Em 1977, Audre Lorde apresentou um ensaio sobre raça, gênero e orientação sexual, chamado “A transformação do silêncio em linguagem e ação”, só publicado em 1984, onde dizia: “Os meus silêncios não me protegeram. O silêncio de vocês não as protegerá. Mas, em cada palavra efetivamente dita, para cada tentativa minha de dizer essas verdades que ainda estou procurando, estabeleci contato com outras mulheres enquanto examinávamos as palavras que coubessem num mundo em que todas nós acreditávamos, superando as nossas diferenças. E foi o cuidado e a atenção de todas essas mulheres que me deram força.”
Mas, o patriarcado vai além e a imposição do silêncio não se limita às mulheres. Aliás, antes mesmo de calar as mulheres a sociedade patriarcal cala os homens e esse é um dos primeiros tipos de violência desse sistema. Assim, homens que não se conformam com as normas masculinas tradicionais também são silenciados. A masculinidade tóxica, que valoriza a força, a repressão das emoções e a heteronormatividade, reprime a expressão autêntica e a busca por ajuda, silenciando os homens em suas dores e necessidades, o que constitui uma violência do sistema e é causa de muitas violências praticadas contra as mulheres.
O patriarcado, embora exija dos homens um silêncio diferente do que exige das mulheres, segundo Rebecca Solnit, exige que estes se calem e não expressem suas emoções. Assim, “o primeiro ato de violência que o patriarcado exige dos homens não é a violência contra as mulheres. Em vez disso, o patriarcado exige de todos os homens que pratiquem atos de automutilação psíquica, que matem suas partes emocionais”.
Um Imperativo para a construção de uma sociedade justa e equitativa é romper o silêncio. Para isso, é necessário:
- Educar com enfoque de gênero: promovendo a igualdade de gênero e desmistificando os estereótipos que contribuem para o silêncio patriarcal.
- Criar espaços seguros: onde mulheres e minorias se sintam livres para se expressar sem medo de julgamento ou represálias.
- Promover a escuta ativa: acolhendo as experiências e perspectivas de todos, especialmente dos grupos marginalizados.
- Acreditar nas vítimas: de violência e abuso, oferecendo apoio e recursos para que possam se curar e se sentir seguras.
- Desconstruir as normas sociais: que limitam a expressão feminina, perpetuam o patriarcado e o silenciamento, construindo novas masculinidades e feminilidades.
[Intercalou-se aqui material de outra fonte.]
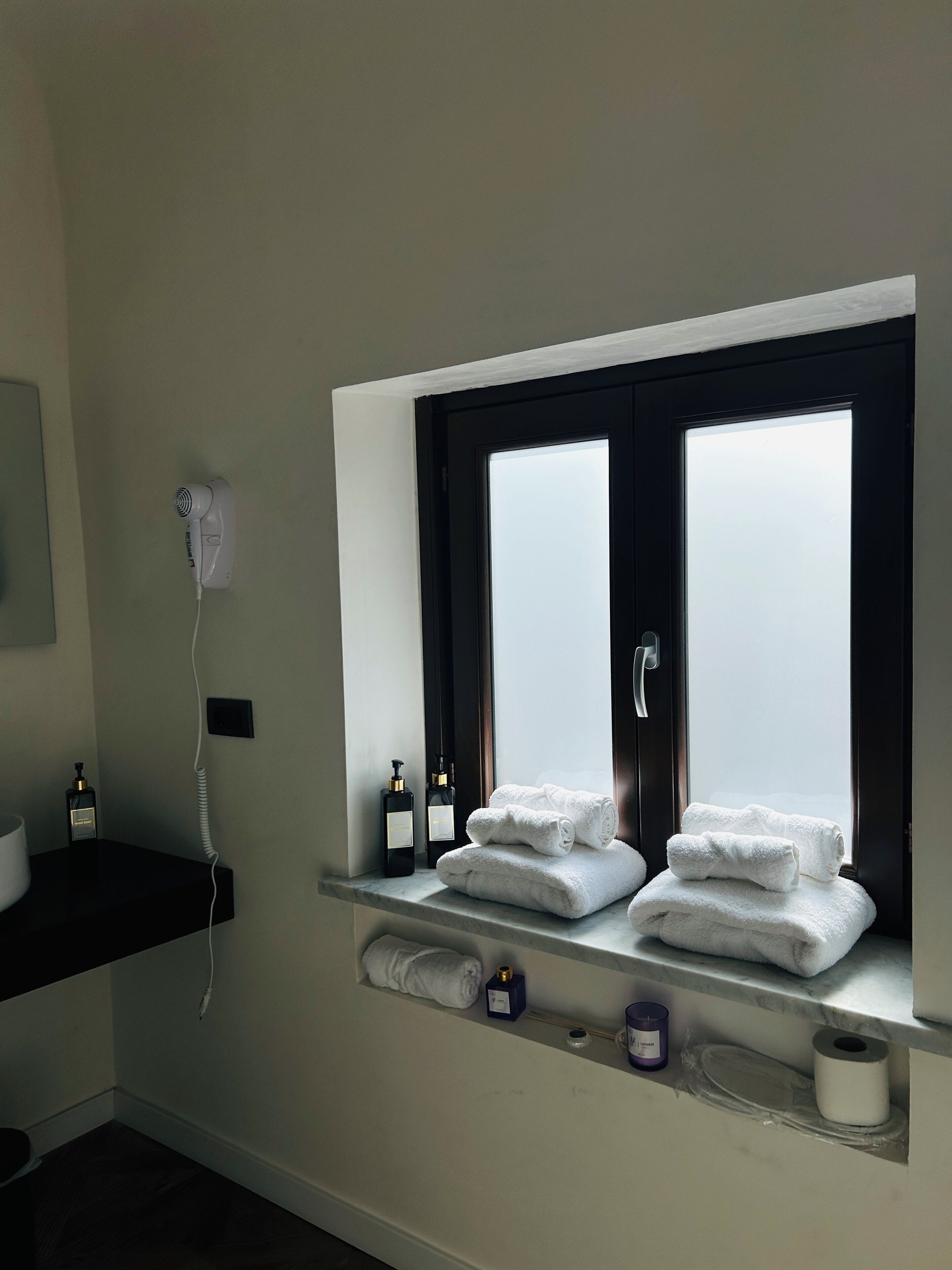 Un bagno con finestra, asciugacapelli e articoli da toilette su uno scaffale.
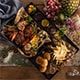  A tray filled with various dishes placed on a rustic wooden table, showcasing a delightful array of food.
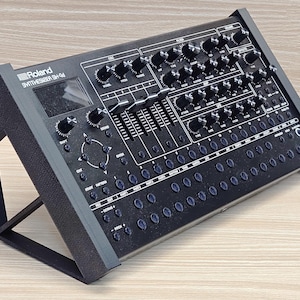 May include: Black synthesizer with numerous knobs, sliders, and buttons. The text "Roland Synthesizer SH-01a" is visible on the top left. The device is angled on a black stand, showcasing its controls and design.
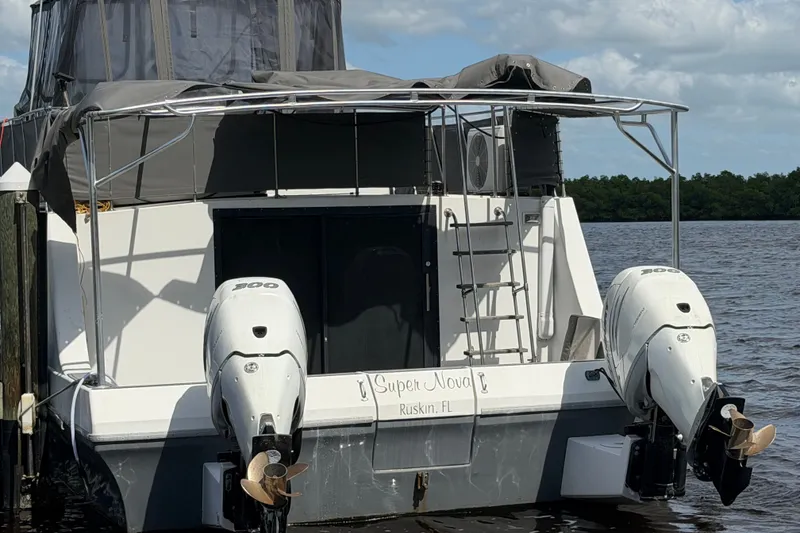 Slide: The Image of 1987 Bluewater Yachts Coastal Cruiser 51 docked, featuring dual outboard motors. - 14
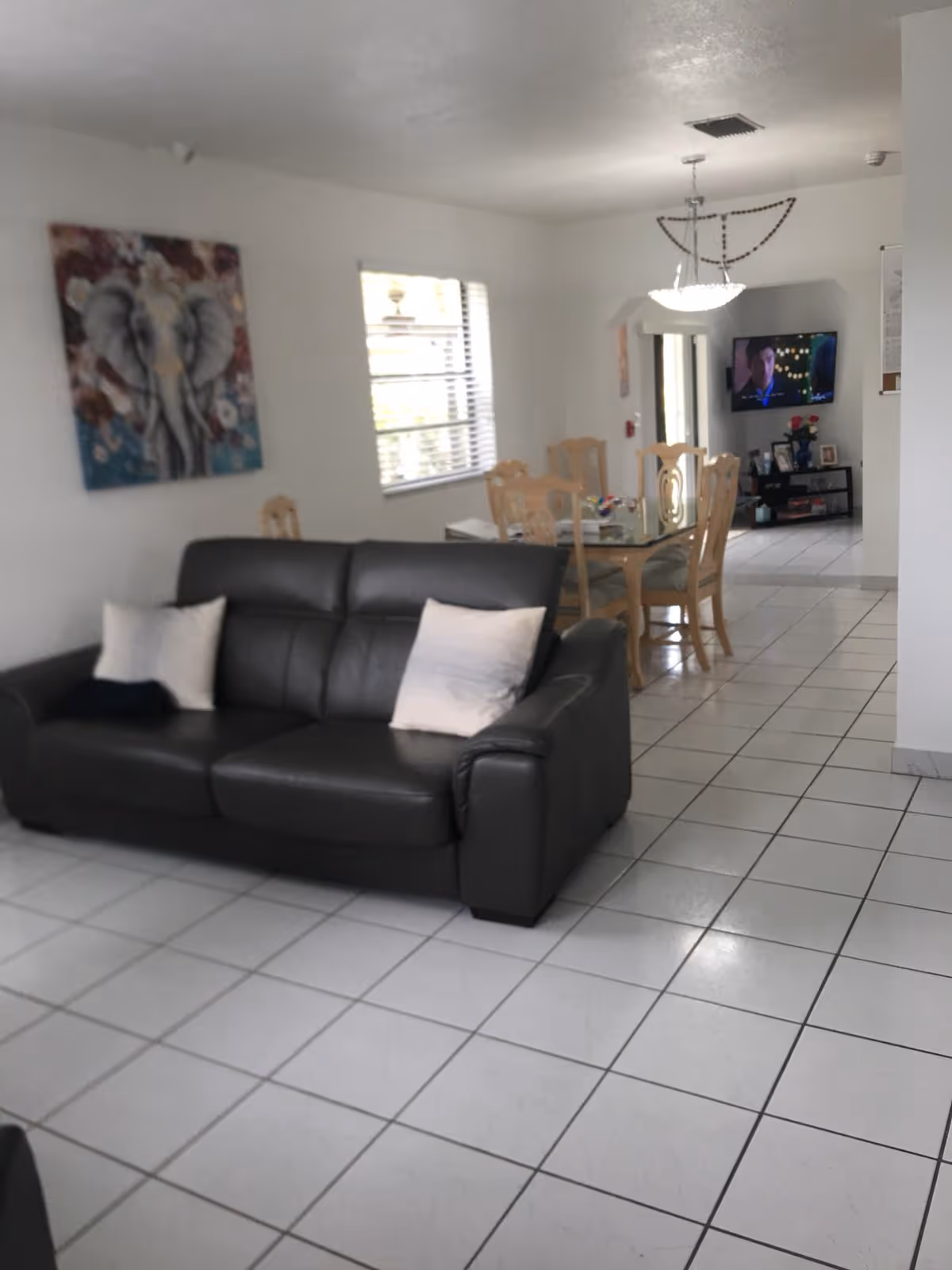 Open-plan living and dining area with a dark leather sofa, tiled floor, dining table and wall-mounted TV.
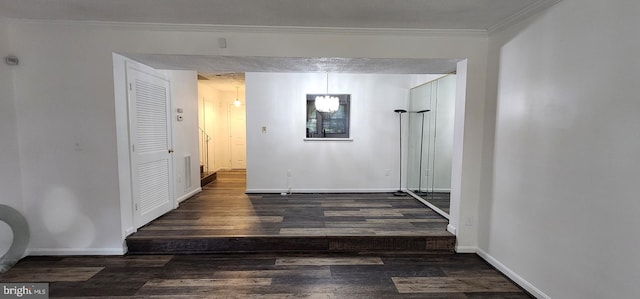 hall with dark wood-type flooring and ornamental molding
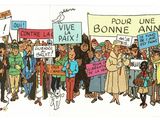 many people holding signs and flags in a crowd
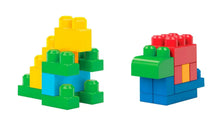 Colorful plastic building blocks showing two small structures in green, yellow, red, and blue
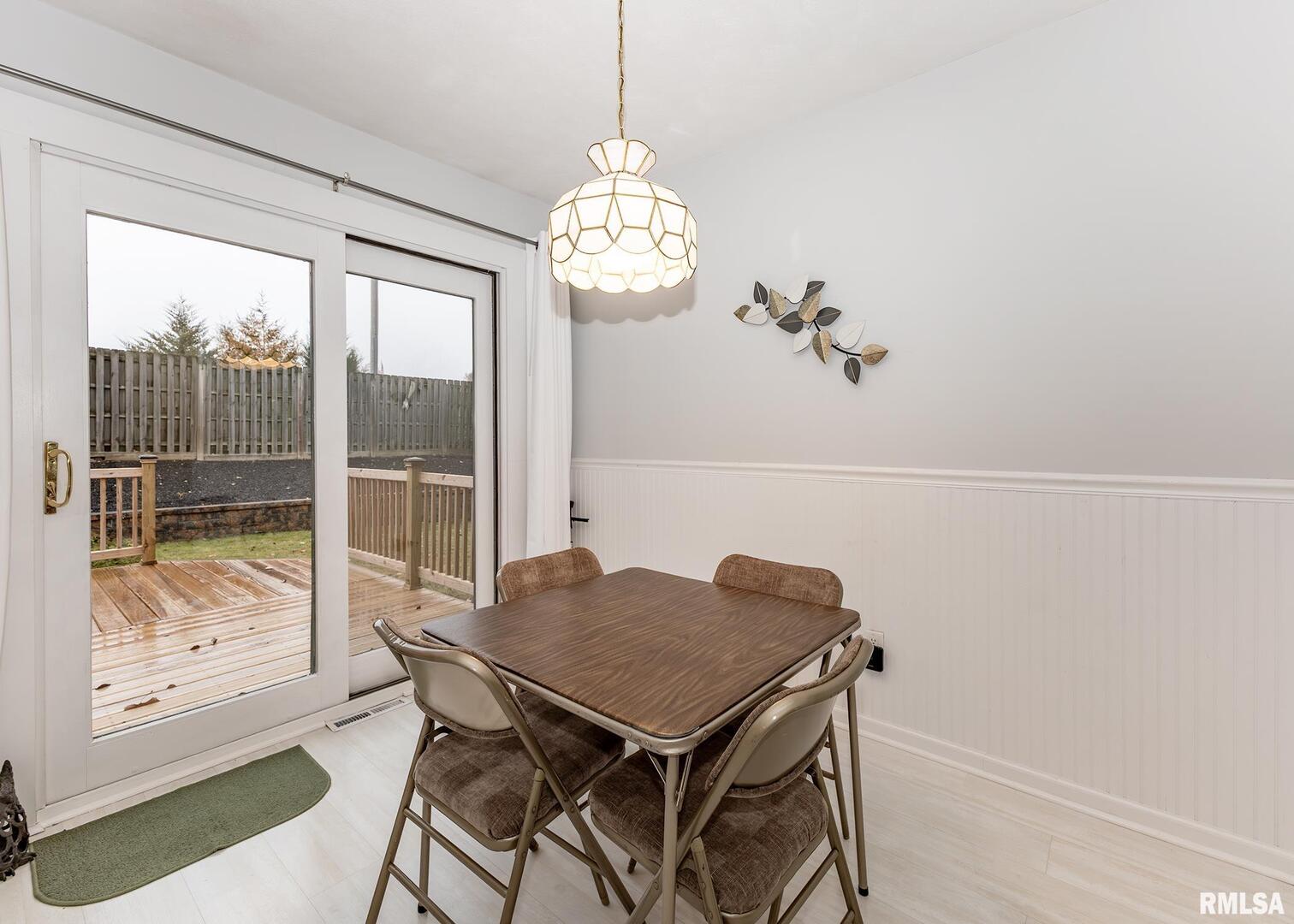 2705 36th Street Rock Island, IL 61201 - Photo 7 of 29 a view of a dining room with furniture window and outside view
- Amplificar as vozes femininas: garantindo que as histórias e perspectivas de mulheres sejam ouvidas e valorizadas.
Lutar contra o silenciamento do patriarcado é uma luta pela liberdade de expressão, pela autonomia e pela justiça social. É um compromisso com a construção de um mundo onde todas as vozes sejam ouvidas e respeitadas e onde as mulheres possam viver livres e desenvolver sua autonomia sem medo de serem agredidas, violentadas ou mortas!